About this task. Whatever appears in the records, retype it exactly, except for the pictures.
*** Provided information Section Begins ***
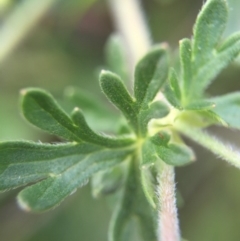 Geranium solanderi at Hackett, ACT - 18 Oct 2015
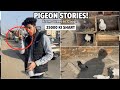 25000 ki shart kabuttar chorne pr 😱vlog-1
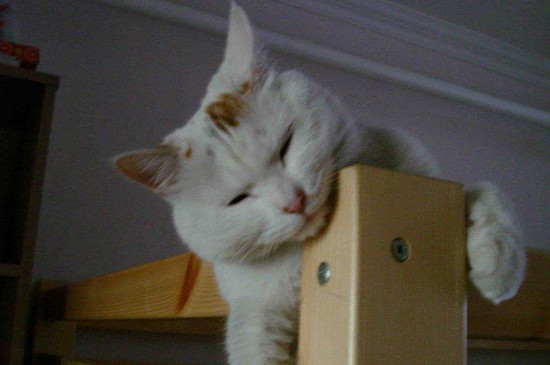 猫喝水吗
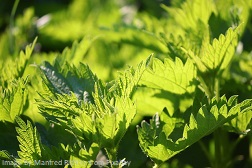 Brennessel BrennesselkiJfWTTNlzusS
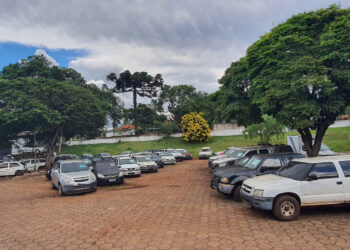 Paraná inicia leilão com 192 veículos e lances a partir de R$ 525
*** Provided information Section Ends ***
Answer space.
 Geranium solanderi at Hackett, ACT - 18 Oct 2015
 25000 ki shart kabuttar chorne pr 😱vlog-1
 猫喝水吗
 Brennessel BrennesselkiJfWTTNlzusS
 Paraná inicia leilão com 192 veículos e lances a partir de R$ 525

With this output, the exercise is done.